Give me night or give me Blucher
I have altered the quote "Either night or the Prussians will come." (Said during the thick of the Battle of Waterloo, as quoted in The True Issue, and the Duty of the Whigs: An Address Before the Citizens of Cambridge (1856) by Joel Parker, p. 26)
to "Give me night or give me Blucher" (Prayer during Battle of Waterloo at about 5.45 pm on 18 June. The Military Maxims of Napoleon by Napoleon Bonaparte, David G. Chandler, William E. Cairnes ,p. 143)
Although, the first quote is considered correct, Joel Parker states that Wellington is to have said:"Give me night or give me Blucher". However, Joel Parker was a politician and not an historian, furthermore, his assertion came 40 years after the event and at a political rally. It is, therefore,more likely to be more of a paraphrasing than that of the The Military Maxims of Napoleon. The quote is sometimes given the other in the reverse: "Give me Blucher or give me night" but of the sources I could find the above seemed the most reliable. --Philip Baird Shearer 12:35, 23 October 2008 (UTC)
Did he give this advice to Queen Victoria when asked about ridding the Crystal Palace glass house of sparrows? I was told this at school, but I'm not sure now because I was also told the "won on the playing fields of Eton". This is quoted in the main Wikipedia entry on Wellington, as an example of his concise and terse manner. I don't think it's in dispute. Personally I'm looking for verification of the oft quoted letter to the War Office. I'll put it here on the discussion page just for amusement value
Letter from the Duke of Wellington dispatched from Spain in Aug 1812:
Whilst marching from Portugal to a position which commands the approach to Madrid and the French forces, my officers have been diligently complying with your requests which have been sent by H.M. ship from London to Lisbon and thence by dispatch to our headquarters. We have enumerated our saddles, bridles, tents and tent poles, and all manner of sundry items for which His Majesty's Government holds me accountable. I have dispatched reports on the character, wit, and spleen of every officer. Each item and every farthing has been accounted for, with two regrettable exceptions for which I beg your indulgence.

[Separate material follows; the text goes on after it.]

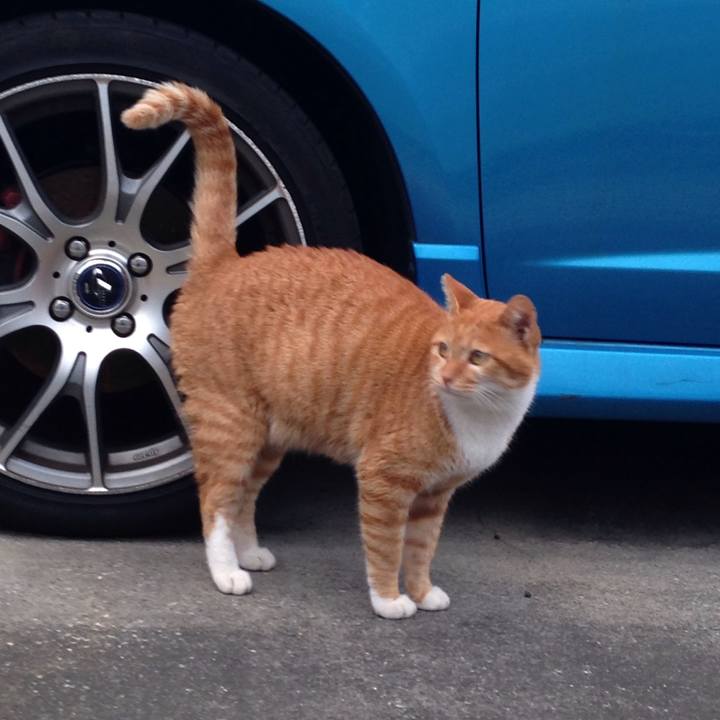 04899ac0 5688 47ad 8d95 05656f0ec5d4 1508851774347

Unfortunately the sum of one shilling and ninepence remains unaccounted for in one infantry battalion's petty cash and there has been a hideous confusion as the the number of jars of raspberry jam issued to one cavalry regiment during a sandstorm in western Spain. This reprehensible carelessness may be related to the pressure of circumstance, since we are war with France, a fact which may come as a bit of a surprise to you gentlemen in Whitehall.
This brings me to my present purpose, which is to request elucidation of my instructions from His Majesty's Government so that I may better understand why I am dragging an army over these barren plains. I construe that perforce it must be one of two alternative duties, as given below. I shall pursue either one with the best of my ability, but I cannot do both:
1. To train an army of uniformed British clerks in Spain for the benefit of the accountants and copy-boys in London or, perchance,
2. To see to it that the forces of Napoleon are driven out of Spain.